We introduce bisimulation and coinduction roughly following the way that led to their discovery in Computer Science. Thus the general topic is the semantics of concurrent languages (or systems), in which several activities, the processes, may run concurrently. Central questions are: what is, mathematically, a process? And what does it mean that two processes are ‘equal’? We seek notions of process and process equality that are both mathematically and practically interesting. For instance, the notions should be amenable to effective techniques for proving equalities, and the equalities themselves should be justifiable, according to the way processes are used.

We hope that the reader will find this way of proceeding helpful for understanding the meaning of bisimulation and coinduction.
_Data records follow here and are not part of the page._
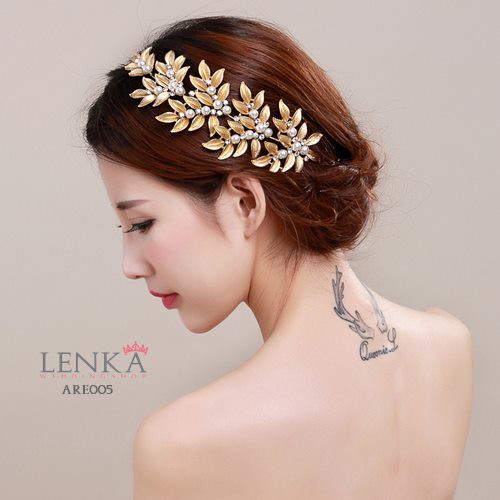 [STOK TERBATAS] AKSESORIS HEADPIECE WANITA PENGANTIN TIARA PESTA ARE005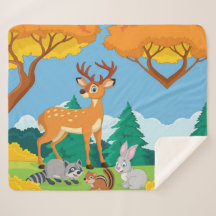 Wildlife Raccoon Chipmunk Rabbit Deer Herfst Lands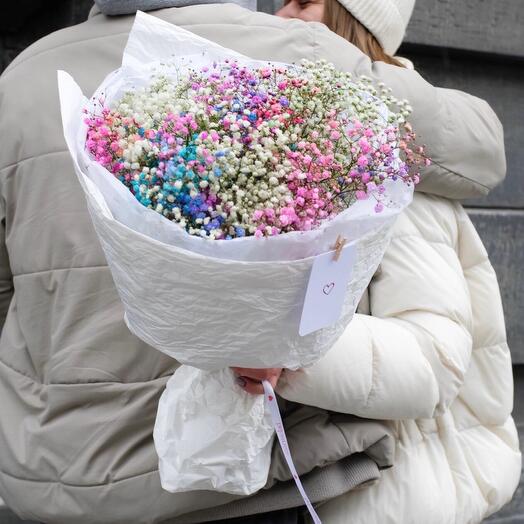 Букет гипсофил радужных
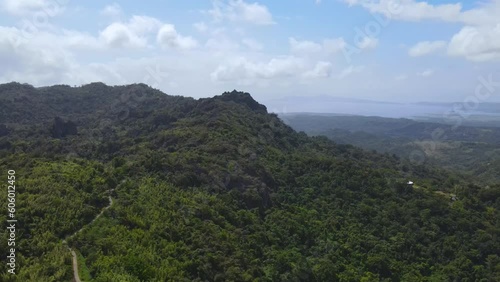 Vast forest and mountain landscape at Masungi Georeserve, Rizal, Philippines photo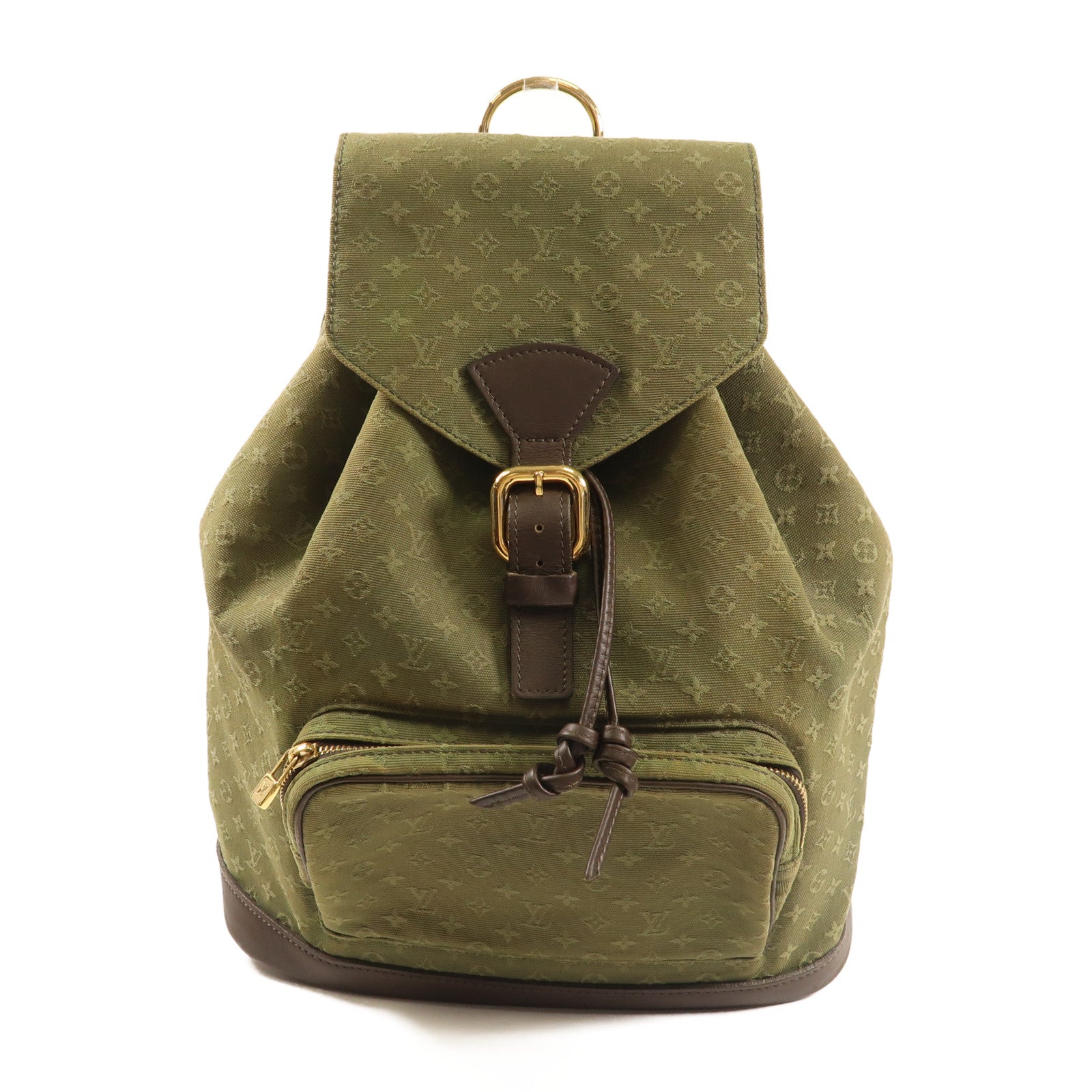 LOUIS VUITTON Monogram Mini Montsouris GM金扣背包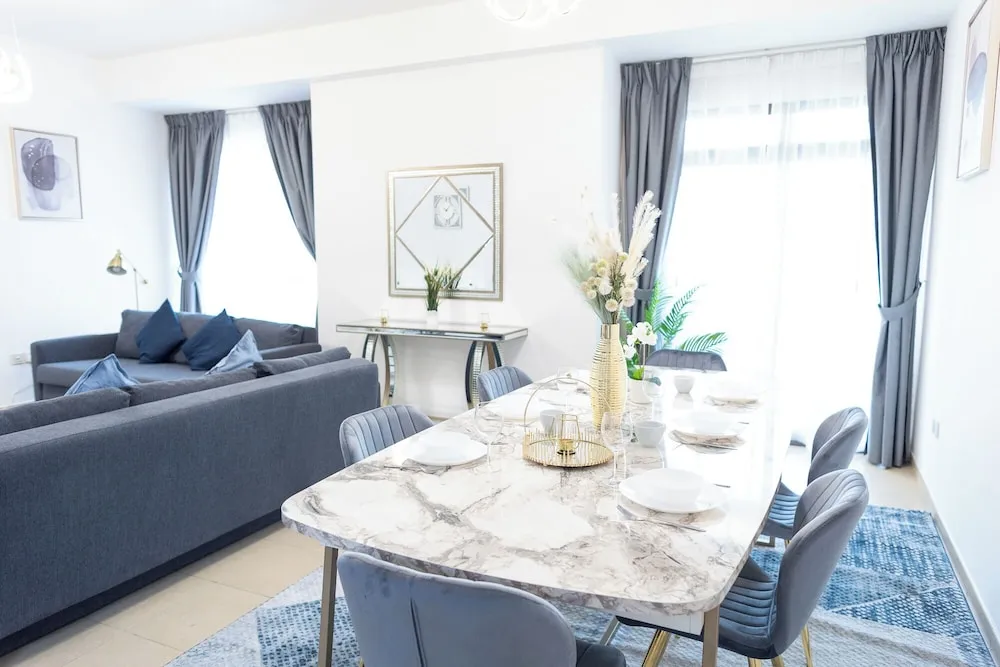 Deluxe Apart Daire, 2 Yatak Odası, Balkon, Marina Manzaralı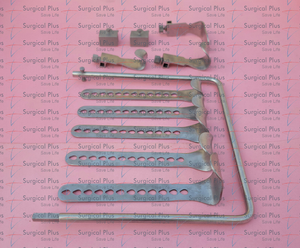 Juego de 11 Piezas de Armazón y Hoja para Hombro Bell-Hawkins, para Artroplastia de Hombro, Ortopédico - Product Image 3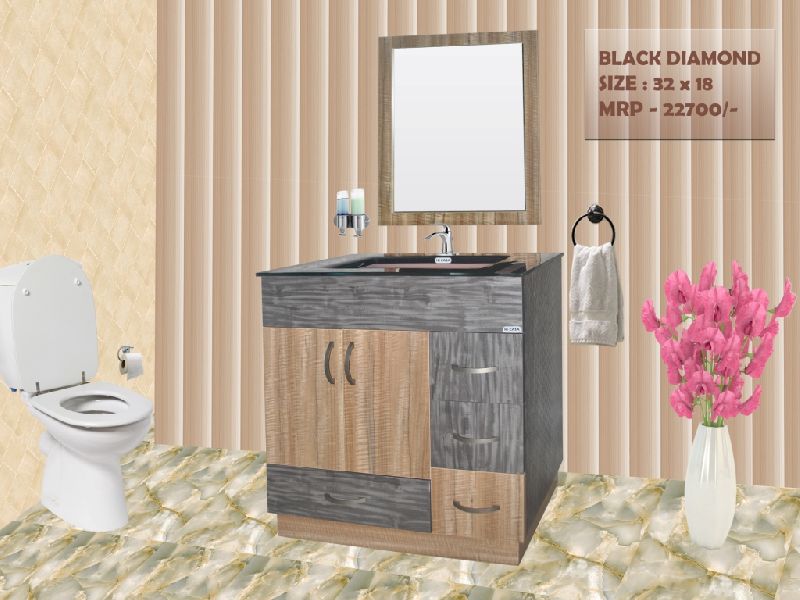 Black Diamond Bathroom Mirror Vanity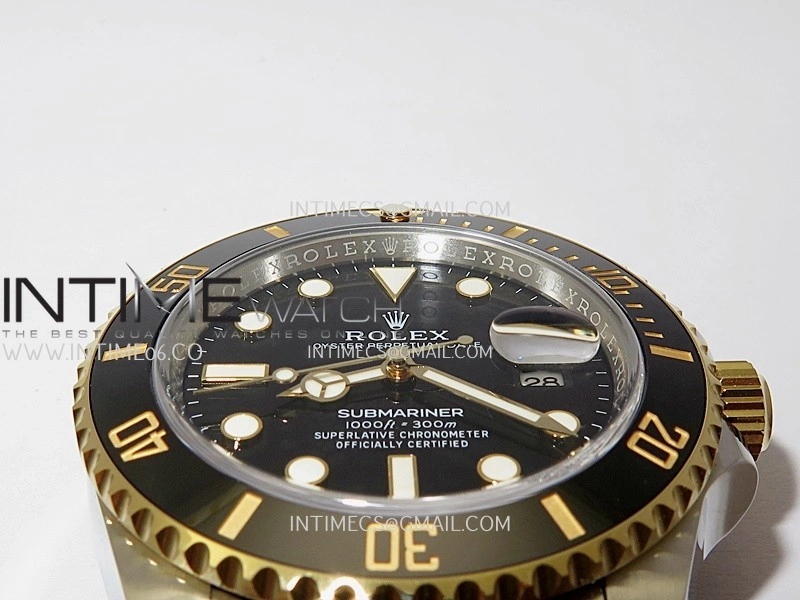 Submariner 126613 LN 904L Steel YG THBF 1:1 Best Edition Black Dial On 904L Steel YG Bracelet SH3235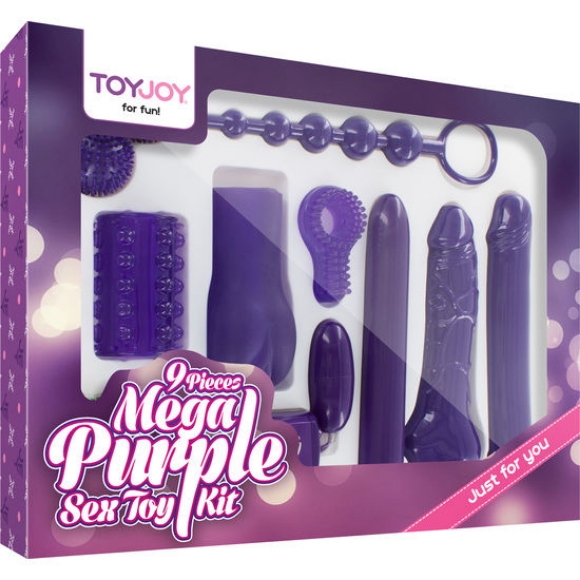 Imagen de Toyjoy - Kit de Juguetes Sexuales Mega Morado Just For You 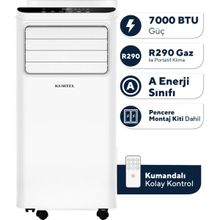 Kumtel Kusunoki Kmpac-7 7000 BTU A Enerji Sınıfı Taşınabilir Portatif Klima Inverter Özelliği Yok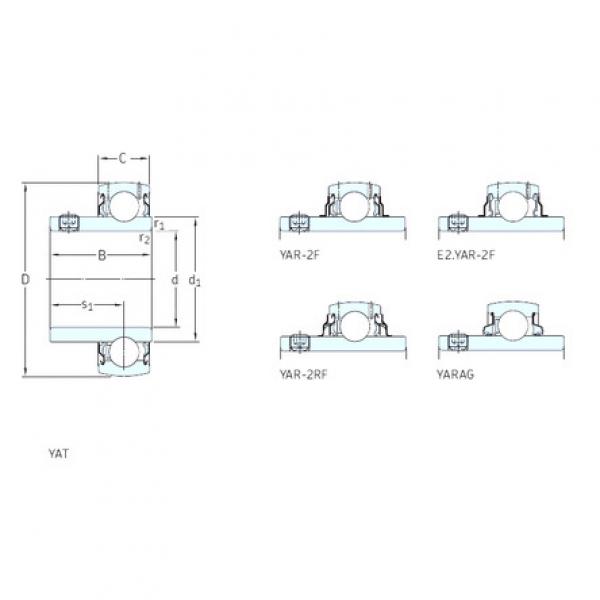 المحامل E2.YAR206-102-2F SKF #1 image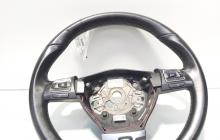 Volan piele cu comenzi si padele, cod 3C8419091BF, VW Passat Variant (365) (id:689108)
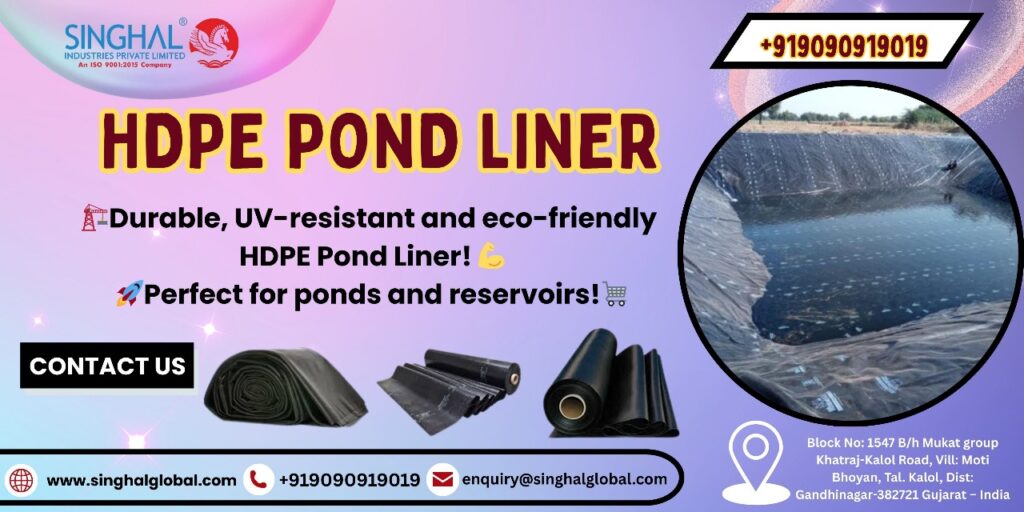 hdpe pond liner manufacturer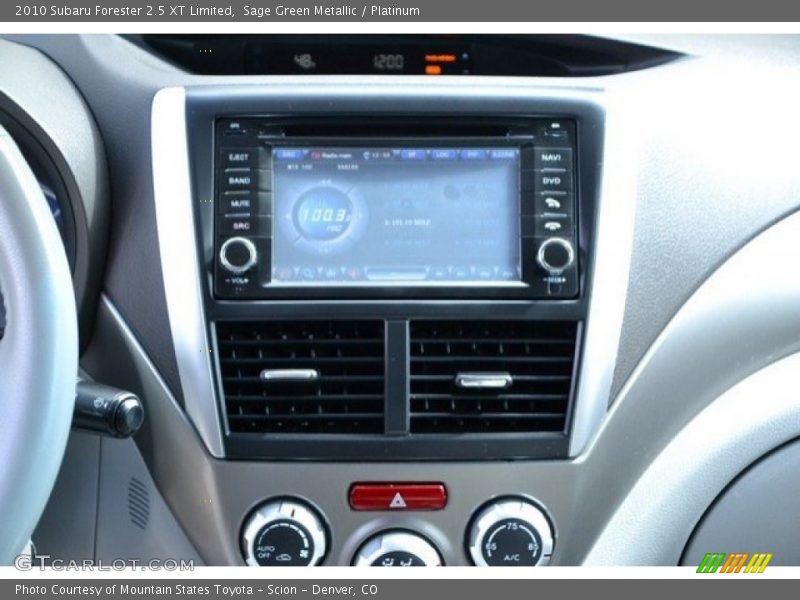 Sage Green Metallic / Platinum 2010 Subaru Forester 2.5 XT Limited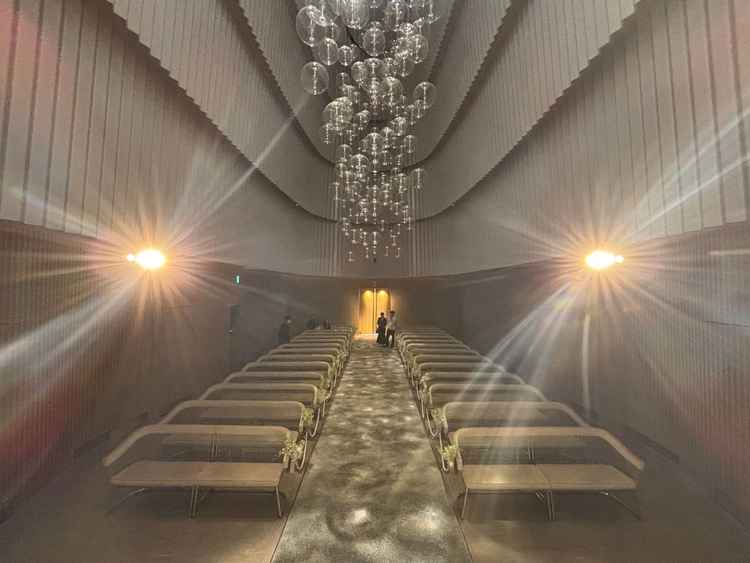 チャペル。幻想的で雰囲気が気に入りました。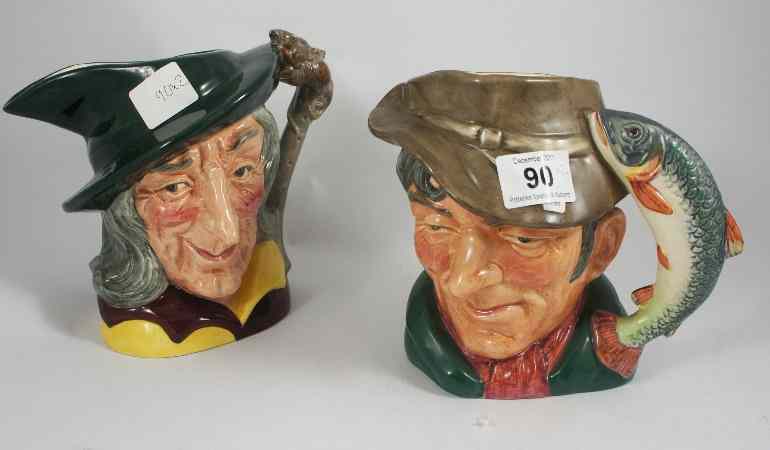 Appraisal: Royal Doulton Large Character Jugs Pied Piper D nip to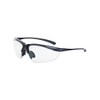 Crossfire Eyewear Radians Clear Sniper Safety Glasses, Scratch-Resistant, Wraparound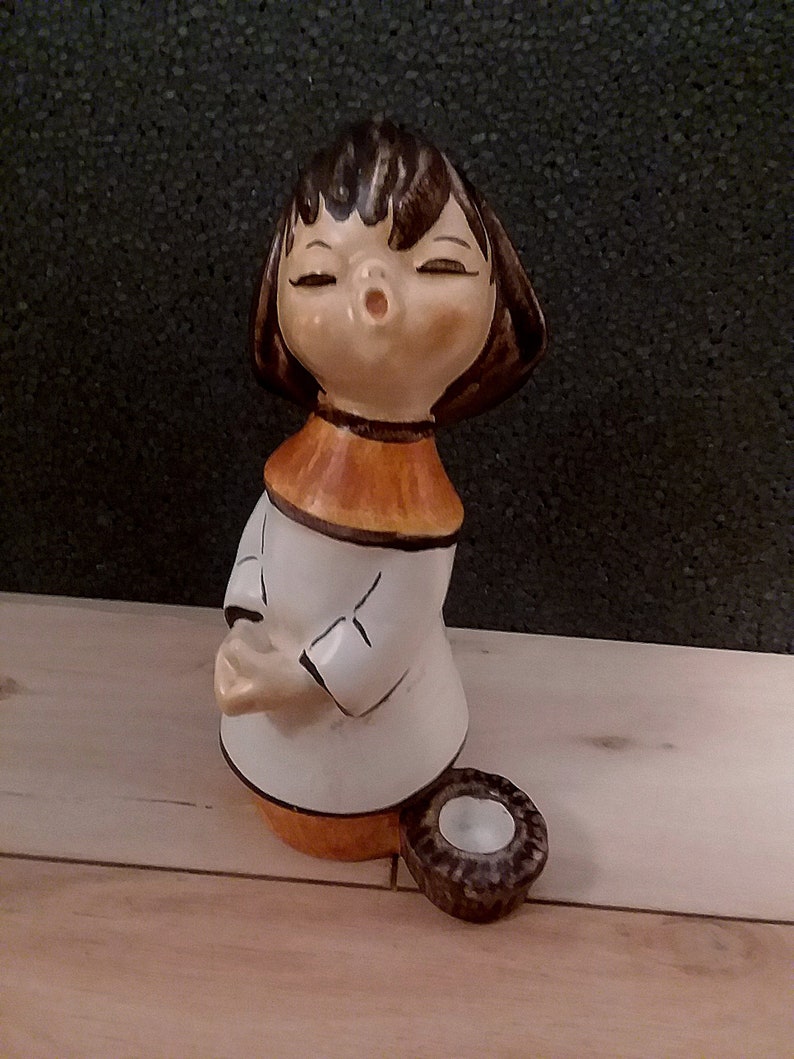 Goebel West Germany Choir Singer Vintage Ceramic Candle Holder Etsy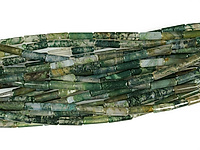 Бусины трубочки мохового агата. Месторождение - Индия. Диаметр отверстия 1 мм. Размеры, вес, длина и количество бусин на нити указаны примерно. Точнее замеряем по требованию. Микровыемки.
, фото №140165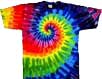 12 color spiral tie dye shirt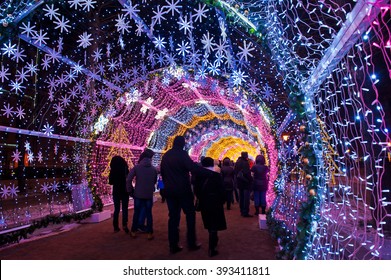 11,439 Christmas lights tunnel Images, Stock Photos & Vectors ...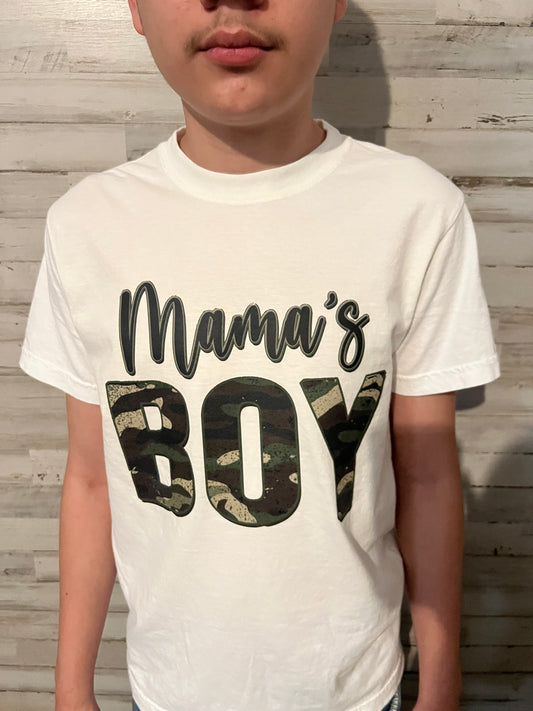 Mama Boy Decal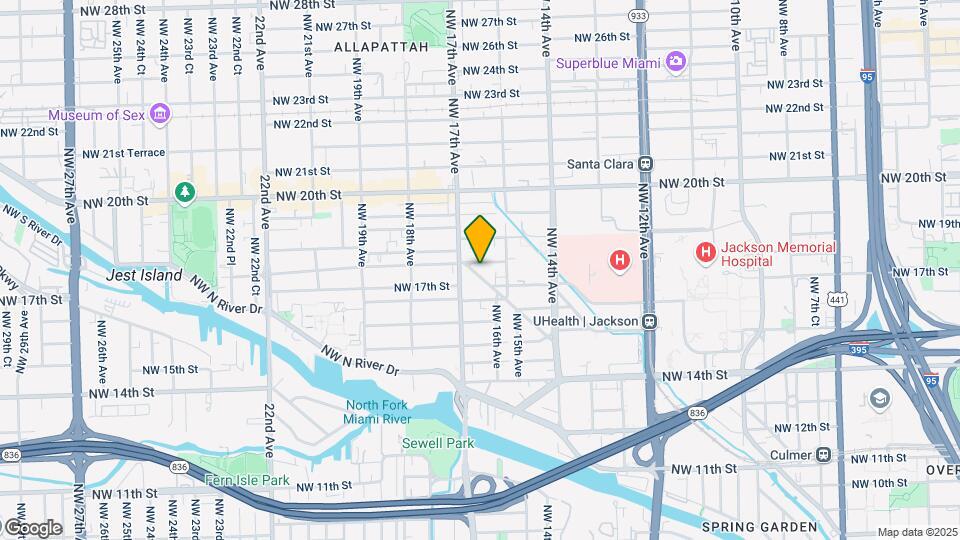 1630 NW 18th St Map and Location Details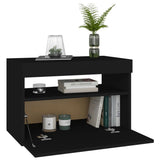 NNEVL TV Cabinets with LED Lights 2 pcs Black 60x35x40 cm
The emphasis on processes is also justified by the fact that concurrency remains today the main application area for bisimulation and coinduction.

We compare processes and functions in Section 1.1. We will see that processes do not fit the input/output schema of functions. A process has an interactive behaviour, and it is essential to take this into account. We formalise the idea of behaviour in Section 1.2 via labelled transition systems (LTSs), together with notations and terminology for them. We discuss the issue of equality between behaviours in Section 1.3. We first try to re-use notions of equality from Graph Theory and Automata Theory. The failure of these attempts leads us to proposing bisimilarity, in Section 1.4. We introduce the reader to the bisimulation proof method through a number of examples.